Summary: In adults, levels of GDF11, a gene that is key to the regeneration of murine neural stem cells, are inversely related to depressive episodes. Administering the GDF11 proteins to aging mice reduced depressive states and improved cognition.
Source: Institut Pasteur
The process of aging is often related to the onset of cognitive decline, depression and memory loss. Scientists from the Institut Pasteur, CNRS and Inserm have discovered that administration of the GDF11 protein, which is known to regenerate murine neural stem cells, improves cognitive abilities and reduces the depressive state in aged mice.
They also demonstrated the mechanism of action of this protein in different mouse models. The scientists then investigated these results further in relation to depression, and showed that in humans, the levels of GDF11 are inversely related to depressive episodes.
The results of this study were published in the journal Nature Aging on February 2, 2023.
The process of aging is often related to the onset of neurological symptoms such as cognitive decline, memory loss or mood disorders such as depression. Previous studies have shown that the growth factor GDF11, a protein found in blood, has a beneficial effect on olfactory perception and on the generation of new cells in the brains of aged mice. The mechanism of action of GDF11 in the brain remained unknown.
Researchers from the Institut Pasteur, CNRS and Inserm have discovered that long-term administration of the GDF11 protein to aged mice improves their memory and significantly reduces behavioral disturbances related to depression, allowing them to return to a behavior similar to that seen in younger mice.
The scientists conducted further studies in different aged mouse models or mouse models with depression-like behavioral disorders and in vitro neuronal cultures, which enabled them to identify the molecular mechanism of action of GDF11.
They discovered that administration of GDF11 activates the natural process of intracellular cleaning, called “autophagy”, in the brain and the elimination of senescent cells. The GDF11 protein thus indirectly increases cell turnover in the hippocampus and restores neuronal activity.
To better understand the link between depressive disorders and the GDF11 protein in humans, scientists from the Institut Pasteur, CNRS and Inserm, in collaboration with scientists from McMaster University, quantified the protein in the blood serum of an international cohort of young patients with major depressive disorder.
They observed that GDF11 levels are significantly lower in these patients. Moreover, by measuring the levels of this protein at different stages, the scientists observed a fluctuation in the level depending on the depressive state.

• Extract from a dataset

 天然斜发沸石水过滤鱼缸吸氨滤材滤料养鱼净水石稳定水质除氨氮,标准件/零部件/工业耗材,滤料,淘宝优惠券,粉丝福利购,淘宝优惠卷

“This work provides clinical evidence linking low blood levels of GDF11 to mood disorders in patients with depression,” said Lida Katsimpardi, a researcher in the Institut Pasteur’s Perception and Memory Unit, affiliated with Inserm at the Institut Necker-Enfants Malades, and co-last author of the study.
“In the future, this molecule could be used as a biomarker to diagnose depressive episodes. It could also serve as a therapeutic molecule for the treatment of cognitive and affective disorders,” she concludes.
About this depression and genetics research news
Author: Burlet-Parendel Anne
Source: Institut Pasteur
Contact: Burlet-Parendel Anne – Institut Pasteur
Image: The image is credited to Perception and Memory Unit – Institut Pasteur
Original Research: Open access.
“Systemic GDF11 attenuates depression-like phenotype in aged mice via stimulation of neuronal autophagy” by Carine Moigneu et al. Nature Aging
Systemic GDF11 attenuates depression-like phenotype in aged mice via stimulation of neuronal autophagy
Cognitive decline and mood disorders increase in frequency with age. Many efforts are focused on the identification of molecules and pathways to treat these conditions.
Here, we demonstrate that systemic administration of growth differentiation factor 11 (GDF11) in aged mice improves memory and alleviates senescence and depression-like symptoms in a neurogenesis-independent manner.
Mechanistically, GDF11 acts directly on hippocampal neurons to enhance neuronal activity via stimulation of autophagy. Transcriptomic and biochemical analyses of these neurons reveal that GDF11 reduces the activity of mammalian target of rapamycin (mTOR), a master regulator of autophagy.
Using a murine model of corticosterone-induced depression-like phenotype, we also show that GDF11 attenuates the depressive-like behavior of young mice. Analysis of sera from young adults with major depressive disorder (MDD) reveals reduced GDF11 levels.
These findings identify mechanistic pathways related to GDF11 action in the brain and uncover an unknown role for GDF11 as an antidepressant candidate and biomarker.